Bochum. Weil sein Antrag auf geheime Wahl vom Rat der Stadt abgelehnt wurde, zog AfD-Ratsmitglied Sebastian Marquardt vor Gericht. Und das mit Erfolg.
- Vergeblich auf geheime Wahlen gepocht hat die AfD in der Vergangenheit im Bochumer Rat
- Sie zog daher vor das Verwaltungsgericht Gelsenkirchen und klagte in zwei Fällen
- Drei Stunden wurde vor der 15. Kammer verhandelte – am Ende feierte die AfD einen Teilerfolg
Mit einem Teilerfolg der AfD endet vorläufig ein Rechtsstreit mit dem Rat der Stadt Bochum. Der muss künftig bei Wahlen – anders als es bislang gehandhabt wurde – in jedem Fall geheim abstimmen, selbst wenn dies nur von einem einzigen Ratsmitglied verlangt wird.
Darauf hatte Ratsmitglied und AfD-Fraktionsgeschäftsführer Sebastian Marquardt im September 2016 gepocht, als es um die Besetzung des Kreiswahlausschusses ging. Weil sein Widerspruch gegen eine offene Abstimmung scheiterte, reichte er Klage beim Verwaltungsgericht Gelsenkirchen ein. Er berief sich dabei auf den Paragrafen 50 der NRW-Gemeindeordnung.
Zuständig für Kommunal- und Wahlrecht
Zurecht, wie die für Kommunal- und Wahlrecht zuständige 15. Kammer am Mittwoch befand.
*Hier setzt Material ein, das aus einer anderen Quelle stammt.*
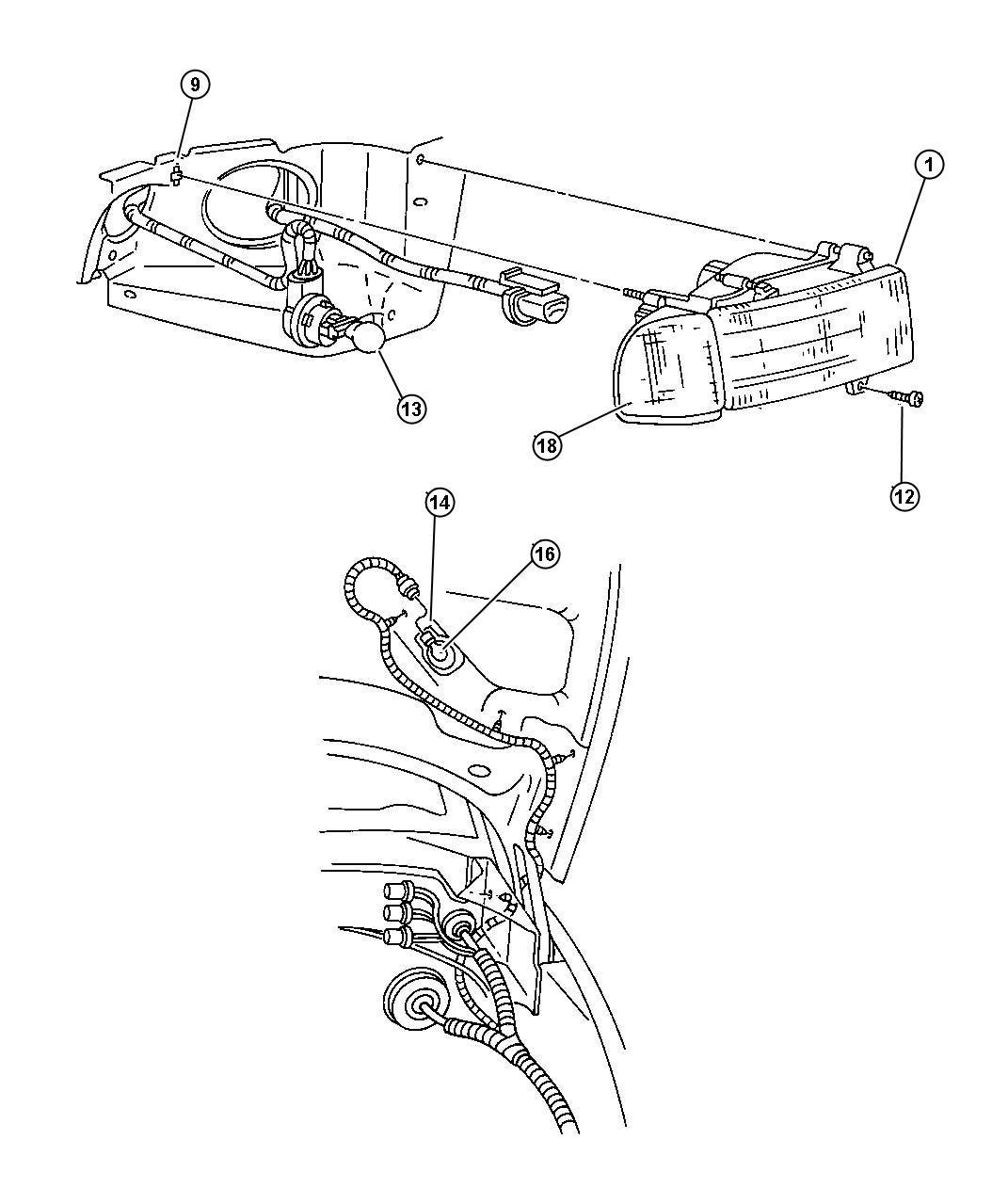 Diagram Lamps Front. for your 1997 Dodge Ram 1500 5.2L Magnum V8 M/T CLUB CAB 6FT BOX 6.5 FT BOX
Am Ende stand zwar kein Urteil, aber eine vom Gericht vorgeschlagene Einigung zwischen Kläger und Rat. „In der Sache haben wir Recht bekommen“, freute sich Marquardt. In einem weiteren, ähnlichen Fall ließ das Gericht die AfD-Klage allerdings nicht zu.
Die Einigung zwischen Rat und AfD kam nach einer Beratungspause zustande, in der sich Rechtsamtsleiterin Ursula Beaupain sowie Stephan Heimrath als Amtsleiter im Büro für Angelegenheiten des Oberbürgermeisters und des Rats telefonisch mit OB Thomas Eiskirch (SPD) berieten. „Mit der Einigung kann ich gut leben“, so Beaupain, auch wenn sie einräumte, „die AfD hat sich durchgesetzt.“
Paragraf 50 der Gemeindeordnung
Nach Auffassung der Stadt sieht § 50 der NRW-Gemeindeordnung in den Absätzen 3 und 4, die sich mit Listenwahlen beschäftigen, keine Möglichkeit vor, eine geheime Abstimmung zu verlangen; nicht zuletzt weil dem Gesetzgeber die Transparenz von Wahlentscheidungen besonders wichtig sei.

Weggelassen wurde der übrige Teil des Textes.